Under her leadership, NatWest grew its youth market share from 3% to 17%, transforming from the worst-rated brand for under-35s to the best.

3. Focusing on What Customers Truly Value

Dame Alison drew an important distinction between what banks measure and what customers truly value. She recognised that “day-to-day satisfaction – making yourself invisible – isn’t valued until it goes wrong.” Yet when things do go wrong, they become highly destructive to customer relationships and costly to fix.

By investing in customer journeys – such as removing the 40 different steps in delivering a loan – NatWest improved efficiency, reduced errors, and removed costs while simultaneously improving the customer experience. The NPS on loans increased by 70%.

“Don’t neglect the boring, unsexy stuff – because the cost, experience, and value destroyed or created from this has multiple impacts across the customer experience and value creation of the organisation,” Dame Alison advises.

She also recognised the “moments that matter” to customers – buying a house, teaching children about money, building financial confidence, or getting help after being scammed. These touchpoints aren’t about financial products but about life events and needs.

4. Aligning Measurement with Outcomes

Dame Alison observed that “what gets measured gets done” – but this mantra needs careful implementation in large organisations.

When NatWest identified that customer satisfaction correlated with relationship manager contact and set targets accordingly, contact levels went up but customer scores went down.

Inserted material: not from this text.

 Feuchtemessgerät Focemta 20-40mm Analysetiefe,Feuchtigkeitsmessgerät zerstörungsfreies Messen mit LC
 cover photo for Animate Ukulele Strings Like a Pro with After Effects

The problem was that the same customers were being called multiple times rather than reaching more customers with quality interactions.

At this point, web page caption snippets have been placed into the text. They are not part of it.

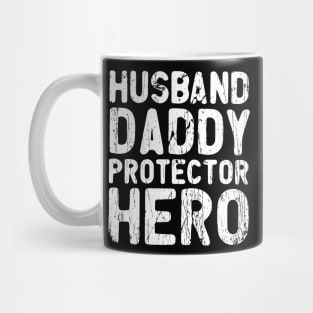 Husband Gift Husband. Daddy. Protector. Hero . Vintage Mug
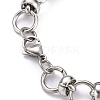 304 Stainless Steel Link Chain Bracelets BJEW-Z011-11P-2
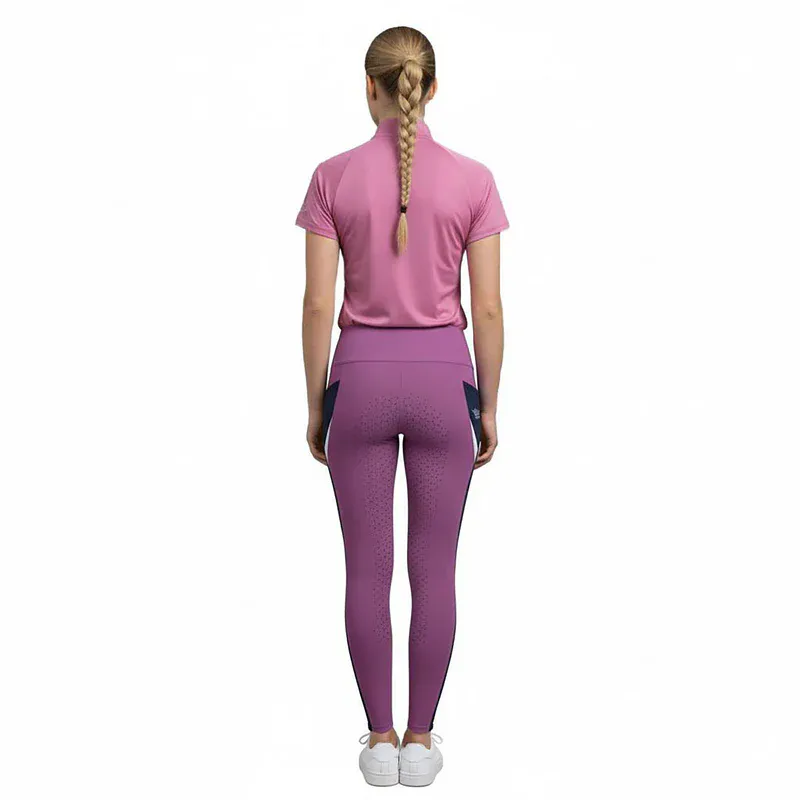 BRIDGE Ladies FG Color Blocks Riding Thights  (Pink)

To address this, Dame Alison shifted to balanced scorecards that measured financial outcomes, risk outcomes, customer experience, economics, and culture. This allowed the bank to offset scenarios where they might beat financial metrics but deliver a poor customer experience.

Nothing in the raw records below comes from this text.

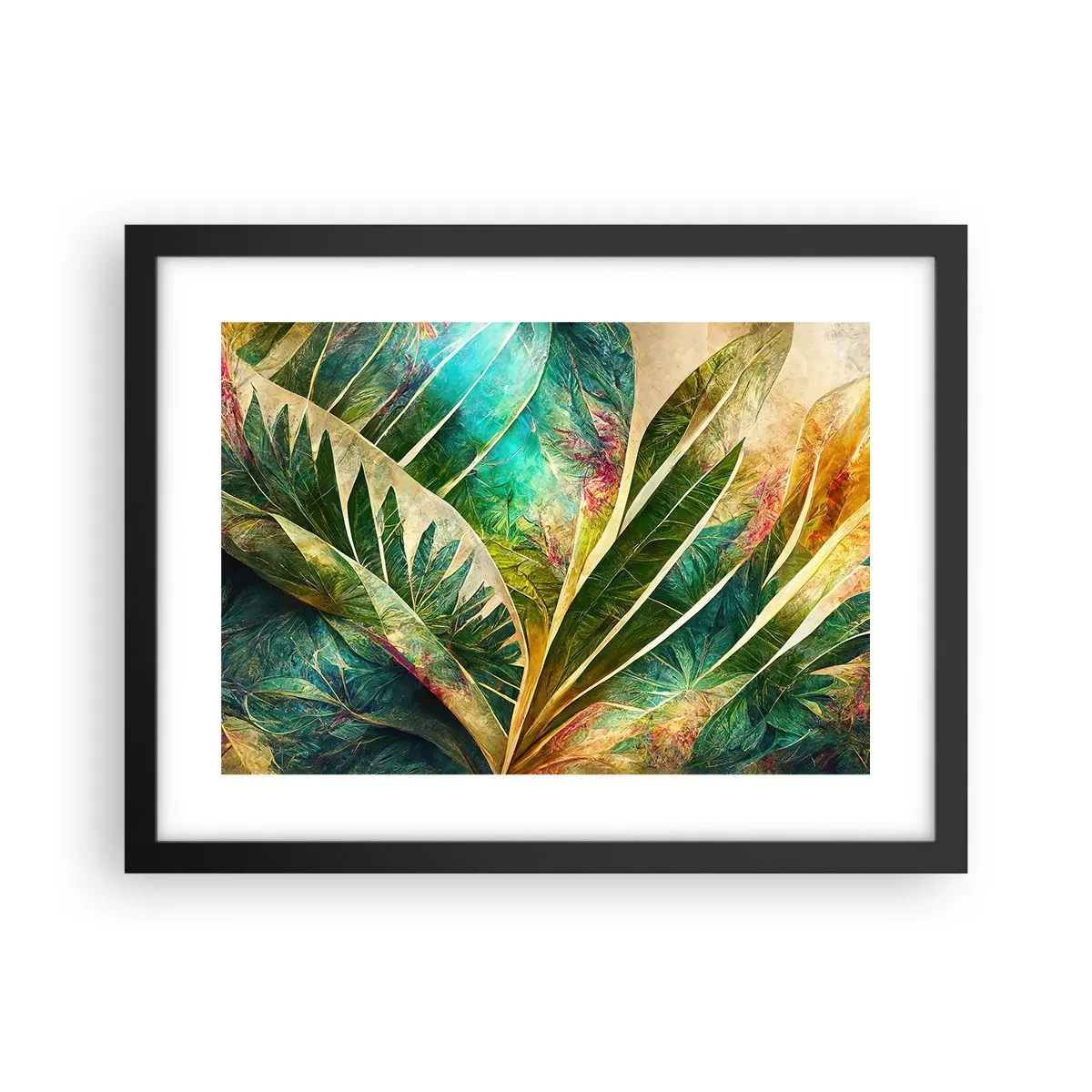 Poster in einem schwarzem Rahmen - Farben der Tropen - 40x30 cm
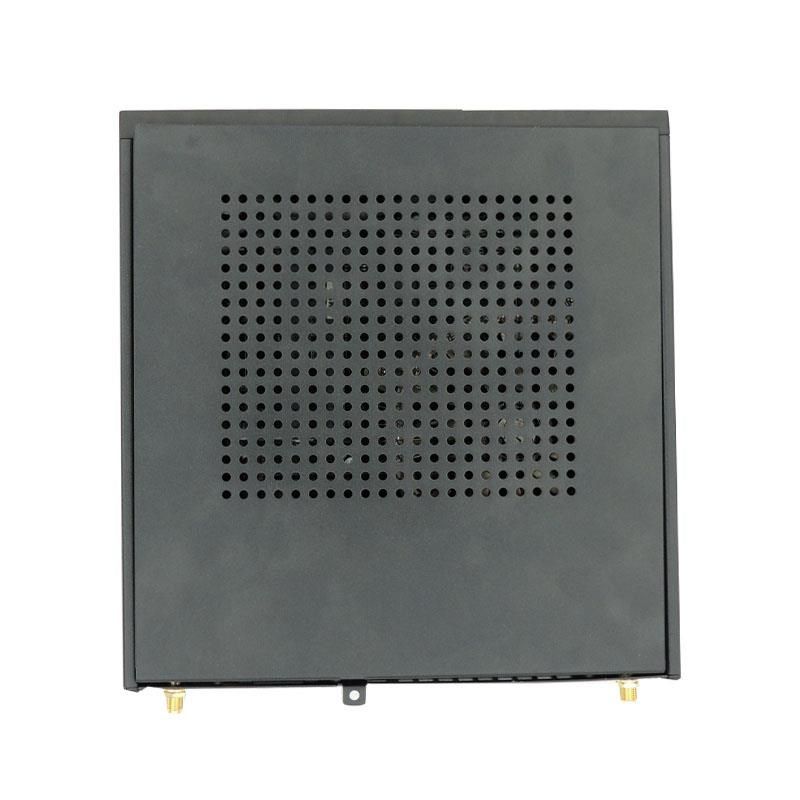 迷你小机箱thin itx机箱黑色工控掌上电脑mini钢材背挂17X17主板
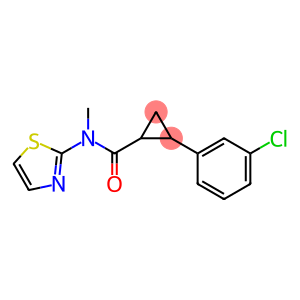 2-(3-氯苯基)-N-甲基-N-2-噻唑基-环丙烷甲酰胺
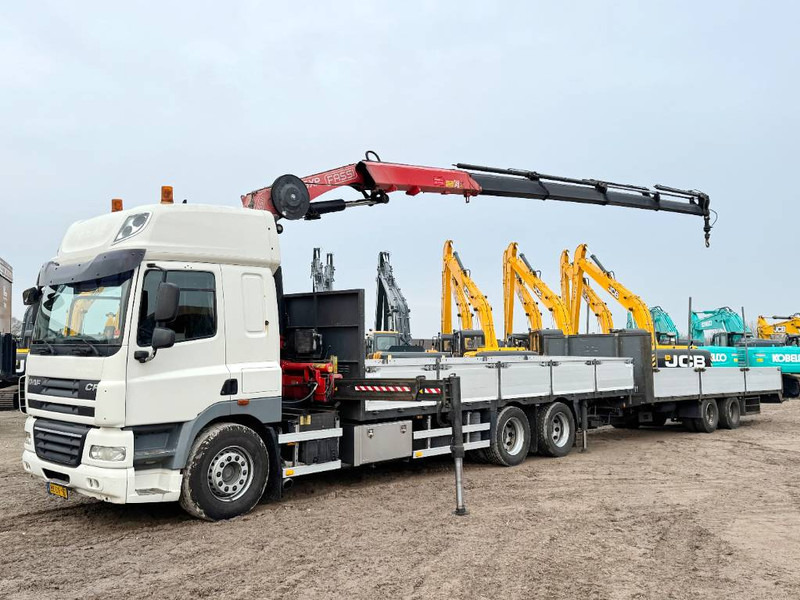 DAF CF85.410 + 21m kran Fassi Crane 21ton/m + Trailer - Crane truck: picture 2 DAF CF85.410 + 21m kran Fassi Crane 21ton/m + Trailer - Crane truck: picture 2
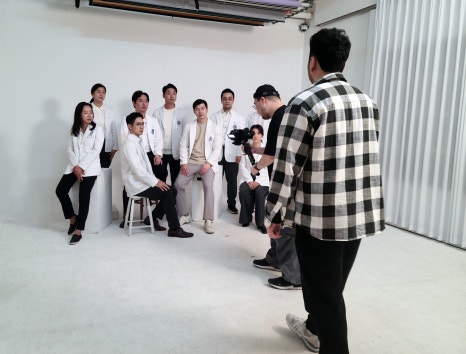 10인 의료진 프로필 촬영현장 공개ㅣ비비드스튜디오 관련 이미지 33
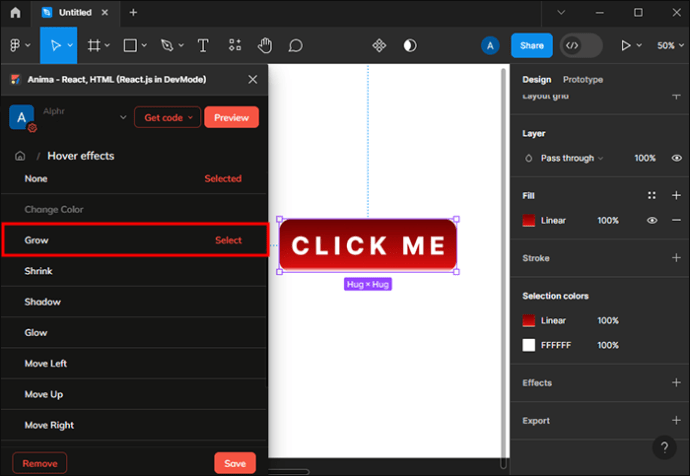 1710383075 233 How to make a hover effect in Figma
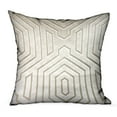 thumbnail image 1 of Plutus 18" x 18" Pearly Velvet Geometric Luxury Throw Pillow in Gray, 1 of 3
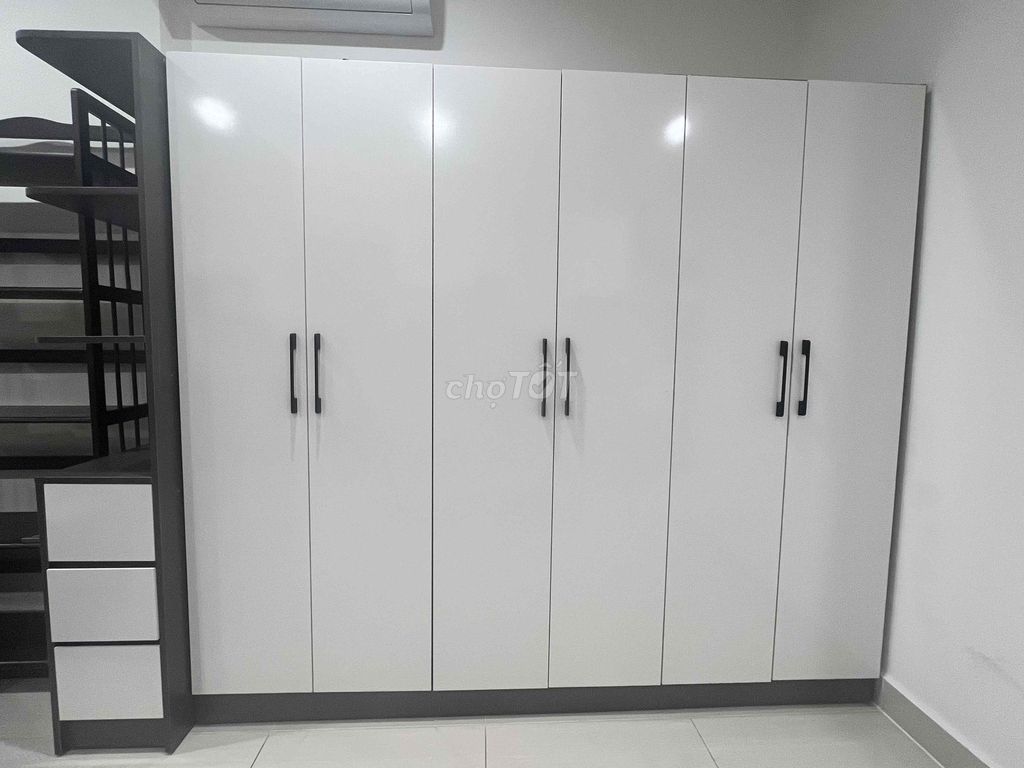 Tủ quần áo gỗ công nghiệp Trắng xám. Mua bán Tủ, kệ gia đình tại Thành phố Thủ Đức Tp Hồ Chí Minh được đăng bởi nhàn hình 1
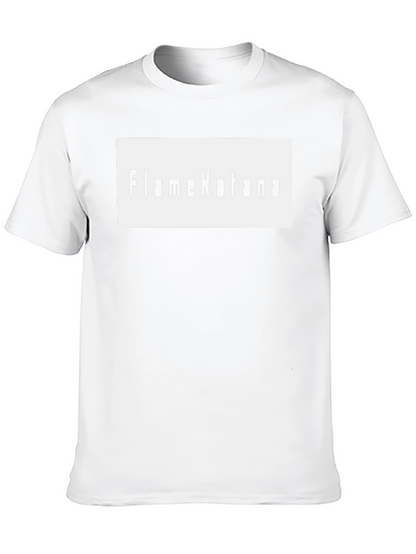 FlameKatana Black Graphic Tee - Stylish Cotton Comfort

Results of the Transformation

The impact of Rose’s strategy has been remarkable:

  • Market share growth in targeted customer segments, including youth (from 3% to 17%) and entrepreneurs (to 17%)
  • Affluent customer NPS improved from -7 to +35
  • Commercial banking achieved #1 position with the best-rated relationship managers
  • Staff engagement rose well above the global financial norm
  • Risk metrics and error rates improved consistently
  • Customer complaint levels dropped by over 30%
  • Return on tangible equity improved from 7% to 19%
  • The bank distributed £10 billion back to shareholders and outperformed the market by 18% in share price

The Lessons for All Businesses

Dame Alison Rose’s transformation of NatWest offers valuable insights for any organisation seeking to become truly customer-centric while delivering shareholder value:

  1. Recognise the gap between customer-first intentions and customer experiences
  2. Understand how organisational structures may not align with how customers actually interact with you
  3. Measure from an honest starting point, admitting problems even when headline metrics look good
  4. Take a lifecycle view of customer relationships
  5. Focus on the moments that matter to customers, not just product delivery
  6. Create balanced measurement systems that prevent unintended consequences
  7. Align your culture across the entire organisation, including non-customer-facing roles

As Dame Alison concludes, “Customers deserve great service and great insight, and organisations have at their disposal today tools and technology to allow us to deliver greater understanding and value… NatWest moved from worst to best both in terms of its customer acquisition, retention, and feedback as well as best-in-class returns for shareholders – ensuring we balanced the short term with long-term value creation.”